The Nursing Home Murder and Death and the Dancing Footman by Ngaio Marsh, The Land of Narnia by Brian Sibley and The Secret of Chimneys, Passenger to Frankfurt, The Golden Ball and Other Stories, The Body in the Library and At Bertram’s Hotel by Agatha Christie.
The two books by Marsh were decent, not great. The first, I imagine, had given the author the problem of not being able to provide enough clues to be definitive without giving the whole show away, and so she had to do the wheeze where the detective doesn’t get the evidence until the last minute. So you can’t really piece it together ahead of time because not all the pieces are there. The second was simply too obvious. Even if one didn’t fathom exactly how the murderer had pulled it off, it was quite clear who it was. The field of opportunity was so obviously narrow that it practically leapt off the page.
The book on Narnia was enjoyable, if rather simple. My library had not classed it as a “Juvenile” book, so I was expecting something rather more in depth, but it wasn’t a bad book. It would make an excellent introduction to Lewis for a child who had read the Narnia Chronicles and wanted to know more about their author.
The Secret of Chimneys, Passenger to Frankfurt, and At Bertram’s Hotel were all mysteries that were not Christie’s best. She was, I think, a little too over-enamoured with the idea of international conspiracies and huge, powerful criminal gangs with ingenious masterminds. All three of those books feature one or both of those and Passenger to Frankfurt was the worst. It seems to have been written in the 70’s and I can only assume that Christie was in her dotage. (Strange as it seems, that is the most charitable construction I can put upon it.) At Bertram’s Hotel was enjoyable to me simply for the description of an hotel in the Edwardian style. (That such a thing pleases me comes as no surprise to anyone who is familiar with my fondness for Wodehouse.)
The Body in the Library was a more conventional mystery story and I didn’t tumble to the solution at all.

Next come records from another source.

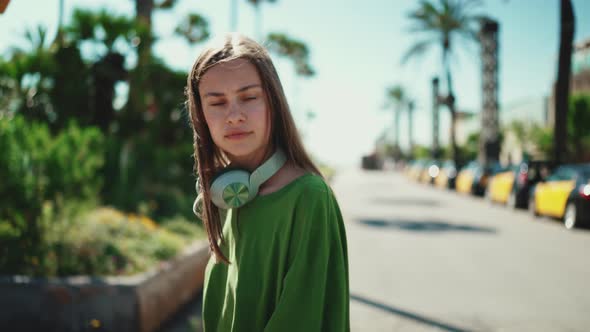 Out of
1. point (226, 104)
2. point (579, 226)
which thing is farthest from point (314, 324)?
point (579, 226)

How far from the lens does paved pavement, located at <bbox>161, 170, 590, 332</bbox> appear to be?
482 cm

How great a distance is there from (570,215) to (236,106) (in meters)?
11.7

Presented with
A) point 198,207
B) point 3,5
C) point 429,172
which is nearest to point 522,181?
point 198,207

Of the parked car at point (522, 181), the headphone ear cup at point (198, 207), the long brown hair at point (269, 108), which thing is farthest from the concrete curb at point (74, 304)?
the parked car at point (522, 181)

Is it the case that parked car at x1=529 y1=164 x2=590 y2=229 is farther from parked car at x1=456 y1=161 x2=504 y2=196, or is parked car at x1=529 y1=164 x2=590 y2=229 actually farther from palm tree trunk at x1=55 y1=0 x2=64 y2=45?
palm tree trunk at x1=55 y1=0 x2=64 y2=45

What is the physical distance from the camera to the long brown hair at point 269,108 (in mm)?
1507

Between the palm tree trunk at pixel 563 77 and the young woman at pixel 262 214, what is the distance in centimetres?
1722

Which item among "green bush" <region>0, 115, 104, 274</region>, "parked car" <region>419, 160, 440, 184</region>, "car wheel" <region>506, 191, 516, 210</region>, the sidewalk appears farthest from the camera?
"parked car" <region>419, 160, 440, 184</region>

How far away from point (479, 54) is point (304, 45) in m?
10.5

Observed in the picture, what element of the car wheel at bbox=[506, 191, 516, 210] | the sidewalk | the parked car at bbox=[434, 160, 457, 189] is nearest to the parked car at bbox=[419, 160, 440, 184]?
the parked car at bbox=[434, 160, 457, 189]

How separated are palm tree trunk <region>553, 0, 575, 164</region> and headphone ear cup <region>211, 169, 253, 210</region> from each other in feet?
56.9

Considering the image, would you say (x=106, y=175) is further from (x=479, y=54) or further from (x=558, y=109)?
(x=479, y=54)

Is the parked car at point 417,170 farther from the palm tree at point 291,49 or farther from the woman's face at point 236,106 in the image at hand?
the woman's face at point 236,106

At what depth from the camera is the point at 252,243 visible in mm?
1456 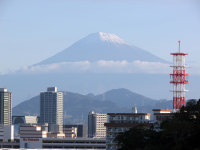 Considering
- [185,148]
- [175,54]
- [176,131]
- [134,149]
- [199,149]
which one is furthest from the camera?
[175,54]

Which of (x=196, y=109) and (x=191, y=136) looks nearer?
(x=191, y=136)

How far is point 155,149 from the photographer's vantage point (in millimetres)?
110375

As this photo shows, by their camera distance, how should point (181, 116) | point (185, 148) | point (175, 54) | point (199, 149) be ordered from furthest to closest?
point (175, 54) < point (181, 116) < point (185, 148) < point (199, 149)

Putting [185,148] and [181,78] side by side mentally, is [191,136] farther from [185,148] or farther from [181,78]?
[181,78]

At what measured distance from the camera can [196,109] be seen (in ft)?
453

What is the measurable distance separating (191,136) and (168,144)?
262 inches

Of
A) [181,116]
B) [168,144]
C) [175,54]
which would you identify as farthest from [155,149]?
[175,54]

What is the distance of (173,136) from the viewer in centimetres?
11162

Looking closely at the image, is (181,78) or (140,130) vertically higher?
(181,78)

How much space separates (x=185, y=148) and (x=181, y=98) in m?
97.9

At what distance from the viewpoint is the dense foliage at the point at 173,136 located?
345 ft

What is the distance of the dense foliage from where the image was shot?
10519 cm

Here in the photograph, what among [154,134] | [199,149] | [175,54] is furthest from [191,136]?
[175,54]

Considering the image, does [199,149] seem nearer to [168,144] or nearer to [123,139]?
[168,144] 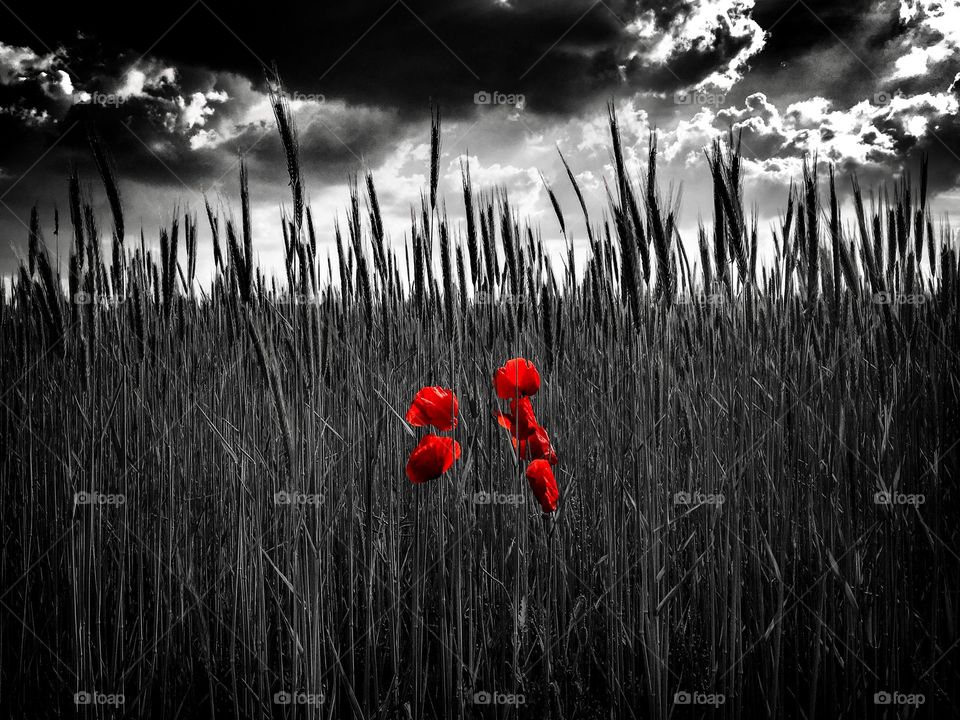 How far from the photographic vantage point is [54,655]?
1.30 metres

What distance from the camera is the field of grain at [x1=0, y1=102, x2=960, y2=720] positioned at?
1.08 meters

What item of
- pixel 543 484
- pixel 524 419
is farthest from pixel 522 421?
pixel 543 484

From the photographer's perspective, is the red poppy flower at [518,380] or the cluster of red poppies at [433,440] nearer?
the cluster of red poppies at [433,440]

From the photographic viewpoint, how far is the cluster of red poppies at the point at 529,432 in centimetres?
112

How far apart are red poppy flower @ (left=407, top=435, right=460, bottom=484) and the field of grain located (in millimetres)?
86

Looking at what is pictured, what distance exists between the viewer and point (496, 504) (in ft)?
4.40

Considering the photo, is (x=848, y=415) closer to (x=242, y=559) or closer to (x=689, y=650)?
(x=689, y=650)

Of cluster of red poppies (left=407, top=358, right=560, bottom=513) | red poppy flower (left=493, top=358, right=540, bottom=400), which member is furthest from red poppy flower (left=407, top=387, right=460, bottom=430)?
red poppy flower (left=493, top=358, right=540, bottom=400)

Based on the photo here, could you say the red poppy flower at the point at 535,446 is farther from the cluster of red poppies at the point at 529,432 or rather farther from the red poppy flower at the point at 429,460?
the red poppy flower at the point at 429,460

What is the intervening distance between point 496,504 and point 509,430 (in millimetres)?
234

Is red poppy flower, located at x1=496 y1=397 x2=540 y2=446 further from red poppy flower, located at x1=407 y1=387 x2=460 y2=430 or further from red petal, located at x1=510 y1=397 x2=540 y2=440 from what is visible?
red poppy flower, located at x1=407 y1=387 x2=460 y2=430

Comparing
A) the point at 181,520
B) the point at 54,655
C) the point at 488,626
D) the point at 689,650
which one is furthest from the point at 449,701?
the point at 54,655

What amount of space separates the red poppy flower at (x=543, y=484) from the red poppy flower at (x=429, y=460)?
0.61ft

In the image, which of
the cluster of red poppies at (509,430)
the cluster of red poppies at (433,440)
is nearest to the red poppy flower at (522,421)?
the cluster of red poppies at (509,430) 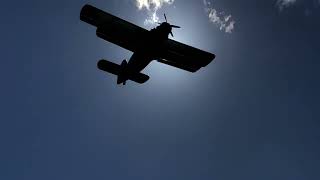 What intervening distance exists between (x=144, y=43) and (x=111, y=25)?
283cm

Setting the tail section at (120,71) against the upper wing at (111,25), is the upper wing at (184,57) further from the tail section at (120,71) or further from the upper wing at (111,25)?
the tail section at (120,71)

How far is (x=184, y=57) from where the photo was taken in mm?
32000

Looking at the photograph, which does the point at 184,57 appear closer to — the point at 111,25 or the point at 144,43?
the point at 144,43

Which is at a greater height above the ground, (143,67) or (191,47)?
(191,47)

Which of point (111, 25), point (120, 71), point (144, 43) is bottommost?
point (144, 43)

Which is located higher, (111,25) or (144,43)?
(111,25)

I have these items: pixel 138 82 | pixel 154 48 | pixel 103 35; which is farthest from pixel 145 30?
pixel 138 82

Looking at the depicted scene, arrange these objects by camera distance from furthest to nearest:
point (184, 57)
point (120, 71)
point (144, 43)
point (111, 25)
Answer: point (120, 71) < point (184, 57) < point (111, 25) < point (144, 43)

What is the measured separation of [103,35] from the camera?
3016 cm

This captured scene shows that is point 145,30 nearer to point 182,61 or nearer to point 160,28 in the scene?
point 160,28

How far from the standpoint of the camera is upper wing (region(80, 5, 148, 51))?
29.5 metres

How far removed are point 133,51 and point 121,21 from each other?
7.72 feet

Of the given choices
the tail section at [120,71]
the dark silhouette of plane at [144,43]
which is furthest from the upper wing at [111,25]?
the tail section at [120,71]

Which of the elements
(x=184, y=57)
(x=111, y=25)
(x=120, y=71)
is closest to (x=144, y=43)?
(x=111, y=25) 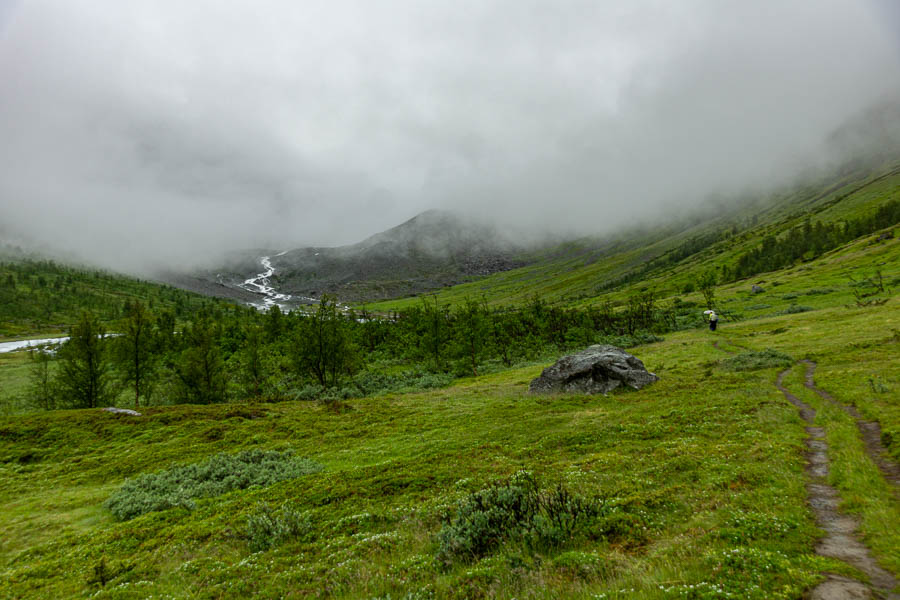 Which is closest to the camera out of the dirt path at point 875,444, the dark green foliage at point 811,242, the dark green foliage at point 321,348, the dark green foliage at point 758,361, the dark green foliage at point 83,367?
the dirt path at point 875,444

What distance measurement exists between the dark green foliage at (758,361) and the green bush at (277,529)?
3920 cm

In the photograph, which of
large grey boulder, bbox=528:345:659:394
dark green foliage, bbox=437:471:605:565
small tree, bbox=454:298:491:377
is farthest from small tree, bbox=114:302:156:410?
dark green foliage, bbox=437:471:605:565

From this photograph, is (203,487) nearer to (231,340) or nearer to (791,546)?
(791,546)

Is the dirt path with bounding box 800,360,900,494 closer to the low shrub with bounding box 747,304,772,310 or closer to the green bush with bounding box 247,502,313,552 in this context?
the green bush with bounding box 247,502,313,552

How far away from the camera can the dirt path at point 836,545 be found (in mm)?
6414

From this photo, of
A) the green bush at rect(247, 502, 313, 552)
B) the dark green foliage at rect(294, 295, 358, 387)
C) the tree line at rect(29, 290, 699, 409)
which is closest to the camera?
the green bush at rect(247, 502, 313, 552)

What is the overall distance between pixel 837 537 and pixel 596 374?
26945mm

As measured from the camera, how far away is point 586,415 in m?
25.9

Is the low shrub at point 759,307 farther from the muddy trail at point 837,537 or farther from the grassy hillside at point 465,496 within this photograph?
the muddy trail at point 837,537

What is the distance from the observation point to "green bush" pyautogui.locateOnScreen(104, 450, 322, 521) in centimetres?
1703

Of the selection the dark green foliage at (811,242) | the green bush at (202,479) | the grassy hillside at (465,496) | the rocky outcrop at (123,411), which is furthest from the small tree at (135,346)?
the dark green foliage at (811,242)

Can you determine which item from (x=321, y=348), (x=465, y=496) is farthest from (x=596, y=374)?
(x=321, y=348)

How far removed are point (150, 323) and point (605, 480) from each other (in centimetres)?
5976

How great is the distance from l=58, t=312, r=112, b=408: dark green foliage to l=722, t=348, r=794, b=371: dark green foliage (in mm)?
70977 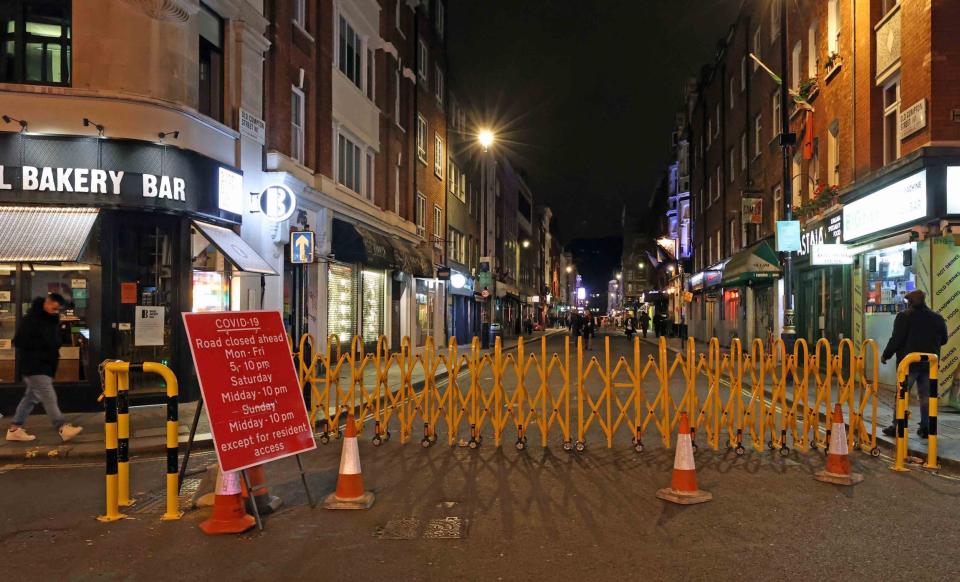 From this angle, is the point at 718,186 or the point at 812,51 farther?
the point at 718,186

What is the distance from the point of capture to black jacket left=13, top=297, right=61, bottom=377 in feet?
30.0

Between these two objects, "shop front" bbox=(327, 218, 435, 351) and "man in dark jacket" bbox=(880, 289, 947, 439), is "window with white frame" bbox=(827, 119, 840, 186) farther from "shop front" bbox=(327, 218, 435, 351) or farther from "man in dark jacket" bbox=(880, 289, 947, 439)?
"shop front" bbox=(327, 218, 435, 351)

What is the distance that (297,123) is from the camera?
722 inches

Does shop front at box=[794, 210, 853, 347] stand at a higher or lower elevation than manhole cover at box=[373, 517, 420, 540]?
higher

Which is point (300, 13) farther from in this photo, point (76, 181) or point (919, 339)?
point (919, 339)

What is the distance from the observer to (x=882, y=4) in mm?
15281

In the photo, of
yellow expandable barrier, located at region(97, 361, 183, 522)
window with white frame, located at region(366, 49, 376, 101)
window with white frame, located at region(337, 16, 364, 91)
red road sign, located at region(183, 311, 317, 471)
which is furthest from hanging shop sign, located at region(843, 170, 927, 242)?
window with white frame, located at region(366, 49, 376, 101)

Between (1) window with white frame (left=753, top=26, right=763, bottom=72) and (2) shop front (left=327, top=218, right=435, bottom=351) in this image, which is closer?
(2) shop front (left=327, top=218, right=435, bottom=351)

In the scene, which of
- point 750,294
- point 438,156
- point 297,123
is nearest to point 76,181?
point 297,123

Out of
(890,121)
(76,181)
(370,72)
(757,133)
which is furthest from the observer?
(757,133)

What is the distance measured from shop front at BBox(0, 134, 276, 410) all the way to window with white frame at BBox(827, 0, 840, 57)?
15830 millimetres

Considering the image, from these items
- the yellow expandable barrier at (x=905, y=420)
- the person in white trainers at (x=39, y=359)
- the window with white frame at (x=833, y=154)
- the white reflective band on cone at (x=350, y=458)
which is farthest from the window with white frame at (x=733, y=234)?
the white reflective band on cone at (x=350, y=458)

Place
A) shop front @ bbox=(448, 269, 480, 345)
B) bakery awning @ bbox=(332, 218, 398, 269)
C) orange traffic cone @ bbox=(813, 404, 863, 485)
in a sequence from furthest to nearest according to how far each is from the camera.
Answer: shop front @ bbox=(448, 269, 480, 345)
bakery awning @ bbox=(332, 218, 398, 269)
orange traffic cone @ bbox=(813, 404, 863, 485)

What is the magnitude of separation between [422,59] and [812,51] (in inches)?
630
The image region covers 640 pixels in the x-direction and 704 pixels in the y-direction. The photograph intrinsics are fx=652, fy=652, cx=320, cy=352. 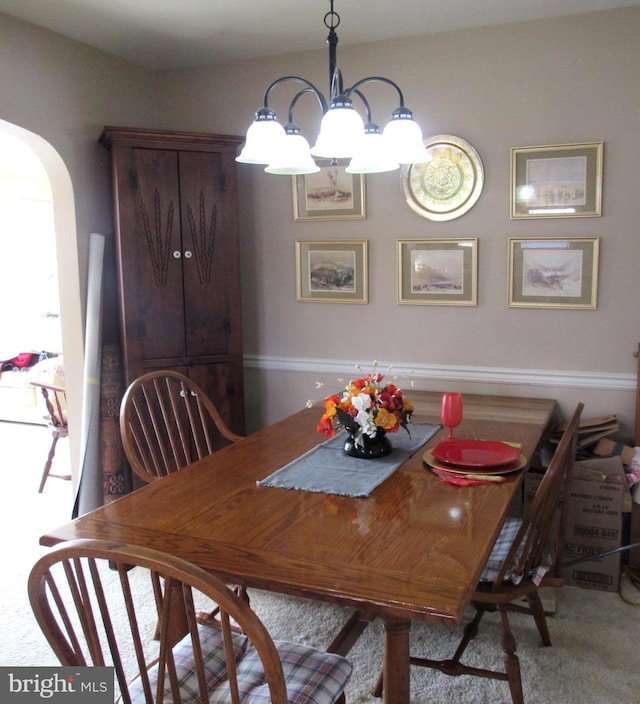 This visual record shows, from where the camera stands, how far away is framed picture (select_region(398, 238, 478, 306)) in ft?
10.6

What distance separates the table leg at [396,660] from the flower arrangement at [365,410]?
2.49 ft

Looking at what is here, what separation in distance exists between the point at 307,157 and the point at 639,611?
7.04 ft

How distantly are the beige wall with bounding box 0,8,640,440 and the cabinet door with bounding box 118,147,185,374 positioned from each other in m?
0.27

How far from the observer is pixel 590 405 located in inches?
121

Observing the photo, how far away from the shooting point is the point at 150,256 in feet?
10.7

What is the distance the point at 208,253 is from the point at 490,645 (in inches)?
88.0

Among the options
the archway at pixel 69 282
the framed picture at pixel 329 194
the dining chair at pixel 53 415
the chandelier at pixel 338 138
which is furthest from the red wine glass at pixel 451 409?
the dining chair at pixel 53 415

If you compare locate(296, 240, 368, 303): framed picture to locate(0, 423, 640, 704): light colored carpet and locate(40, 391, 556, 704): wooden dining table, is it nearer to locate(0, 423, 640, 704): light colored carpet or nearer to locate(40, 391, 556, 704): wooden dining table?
locate(40, 391, 556, 704): wooden dining table

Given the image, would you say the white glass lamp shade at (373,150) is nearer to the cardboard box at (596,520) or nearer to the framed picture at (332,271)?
the framed picture at (332,271)

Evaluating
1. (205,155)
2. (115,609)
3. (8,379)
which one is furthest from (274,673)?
(8,379)

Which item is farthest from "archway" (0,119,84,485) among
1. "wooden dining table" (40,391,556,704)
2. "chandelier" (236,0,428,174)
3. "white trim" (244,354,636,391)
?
"chandelier" (236,0,428,174)

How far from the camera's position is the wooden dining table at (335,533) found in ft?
4.40

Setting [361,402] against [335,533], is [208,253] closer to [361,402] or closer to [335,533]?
[361,402]

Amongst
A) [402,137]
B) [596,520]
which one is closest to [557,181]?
[402,137] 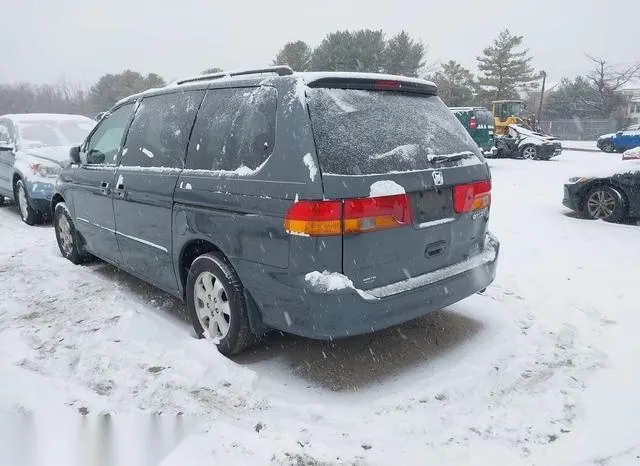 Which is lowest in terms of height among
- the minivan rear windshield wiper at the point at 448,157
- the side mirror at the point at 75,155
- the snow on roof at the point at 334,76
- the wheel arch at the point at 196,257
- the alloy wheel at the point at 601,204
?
the alloy wheel at the point at 601,204

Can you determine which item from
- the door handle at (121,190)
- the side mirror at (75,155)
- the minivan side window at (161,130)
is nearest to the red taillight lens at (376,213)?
the minivan side window at (161,130)

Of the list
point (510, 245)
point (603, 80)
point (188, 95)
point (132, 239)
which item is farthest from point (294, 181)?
point (603, 80)

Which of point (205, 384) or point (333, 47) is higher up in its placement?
point (333, 47)

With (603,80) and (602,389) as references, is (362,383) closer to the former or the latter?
(602,389)

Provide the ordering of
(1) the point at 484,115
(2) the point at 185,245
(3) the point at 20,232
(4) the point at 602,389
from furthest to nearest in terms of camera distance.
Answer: (1) the point at 484,115 < (3) the point at 20,232 < (2) the point at 185,245 < (4) the point at 602,389

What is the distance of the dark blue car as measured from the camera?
24.2m

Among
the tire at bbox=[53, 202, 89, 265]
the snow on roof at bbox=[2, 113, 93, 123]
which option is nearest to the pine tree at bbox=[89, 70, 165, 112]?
the snow on roof at bbox=[2, 113, 93, 123]

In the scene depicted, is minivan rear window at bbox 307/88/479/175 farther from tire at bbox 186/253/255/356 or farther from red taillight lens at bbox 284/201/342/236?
tire at bbox 186/253/255/356

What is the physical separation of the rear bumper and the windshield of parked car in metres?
7.33

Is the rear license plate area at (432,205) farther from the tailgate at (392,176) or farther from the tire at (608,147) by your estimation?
the tire at (608,147)

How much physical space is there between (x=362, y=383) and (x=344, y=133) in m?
1.55

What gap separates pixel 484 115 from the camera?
60.7 ft

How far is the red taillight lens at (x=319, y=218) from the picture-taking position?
268cm

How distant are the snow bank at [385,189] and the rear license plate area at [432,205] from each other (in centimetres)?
15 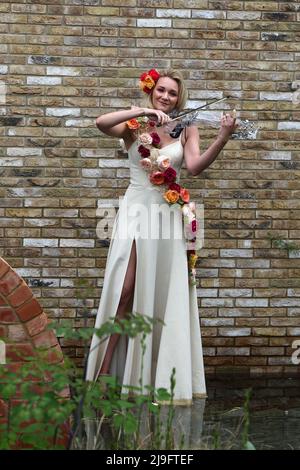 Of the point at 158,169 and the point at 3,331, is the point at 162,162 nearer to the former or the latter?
the point at 158,169

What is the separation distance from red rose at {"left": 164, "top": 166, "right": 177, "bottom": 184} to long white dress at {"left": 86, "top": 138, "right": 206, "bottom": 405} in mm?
78

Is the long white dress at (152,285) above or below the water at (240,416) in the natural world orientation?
above

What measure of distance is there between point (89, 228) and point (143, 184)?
1.16m

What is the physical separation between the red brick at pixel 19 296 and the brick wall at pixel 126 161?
2506 millimetres

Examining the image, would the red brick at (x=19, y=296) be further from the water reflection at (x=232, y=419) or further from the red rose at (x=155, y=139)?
the red rose at (x=155, y=139)

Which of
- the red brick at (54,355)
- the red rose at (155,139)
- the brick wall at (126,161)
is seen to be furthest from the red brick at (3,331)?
the brick wall at (126,161)

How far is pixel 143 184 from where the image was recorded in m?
6.44

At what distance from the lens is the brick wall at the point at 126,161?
24.3 feet

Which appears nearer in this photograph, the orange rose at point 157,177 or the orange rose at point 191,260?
the orange rose at point 157,177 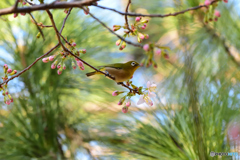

I don’t think Christie was too unfair with her clues, either. Quite a good book, though I am not quite as fond of Miss Marple as a detective as I am Christie’s other investigators. But since I’m planning to get through all of Christie’s books eventually, I went ahead. The last, The Golden Ball, was not at all what I was anticipating. There were a few conventional mystery short stories, but several others were simply odd. The best description I’ve been able to come up with is to say that it reminded me of nothing so much as the stories of Ray Bradbury. Go figure.
I had a bunch of books come in from on hold at once, so I have a stack of about 15 books sitting in my bedroom that I have probably about a month to get through. They are almost entirely Ngaio Marsh mysteries, so my literary-minded posts will probably be about those almost exclusively for the next couple weeks.